Da necessidade da resistência

E eis que doravante, como um edito ou declaração, não como um manifesto, eis que, o enunciado e anunciado, como uma ordem incontestável, faz saber, a todos e todas as almas, que, doravante, será dia de júbilo o efusir infantil do rei beócio.

O rei, ora efusivo como uma criança destituída de qualquer senso de medida, como toda criança, que age movida por impulso e, por isso mesmo, isenta de responsabilidade, age, às vezes, o rei, como essa criança. Todavia, suas ações, mesmo que comparáveis, às vezes, como as da criança, causam calafrios, pois, ao contrário da criança impulsiva e isenta de responsabilidade, as ações do rei advém de determinações instituídas de poder.

Ao agir como um beócio, torna, as ações do rei, mais perigosas. Pois, da sua beocidade, isto é, sua estupidez, coloca o rei, a vida das pessoas, sem exceção, em rota de colisão com a sensatez e, portanto, em conflito direto com o senso de responsabilidade e equilíbrio.

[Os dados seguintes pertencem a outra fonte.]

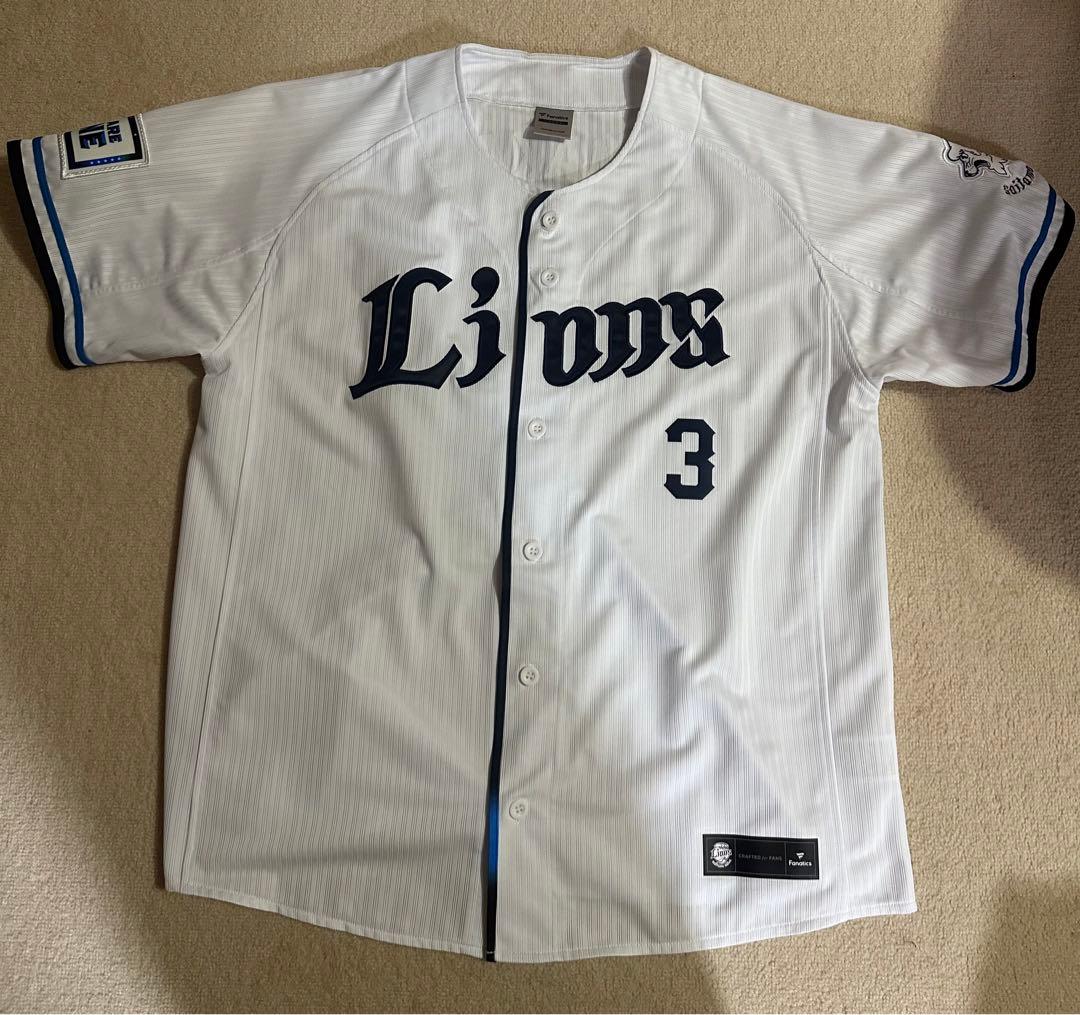 西武ライオンズレプリカユニフォーム　やまかわ　L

Assim, para que as declarações do rei, em si, eivadas de ordens, não se pode, sob pena e risco de vida, ignorar que ao e do rei, sobressaem verdadeiras condenações sem possibilidade de recursos.

Suas declarações/ordenações, se não enfrentadas, muitas vezes, ao custo de vidas, levam, ou melhor, minam, implodem, desmoronam nosso elementar direito ao tempo futuro. É como se, impedidos, porque inativos, nosso natural instinto de resistência, estivesse congelado, para não dizer morto, e nada podemos fazer. É claro que não é isso! Talvez, e só talvez, nossa inércia decorra de mecanismos de defesa que nos paralisam. Não sei. Tendo a achar que outros fatores atuam, separadamente, ou em conjunto, com um outro que não saberia dizer qual, e se há?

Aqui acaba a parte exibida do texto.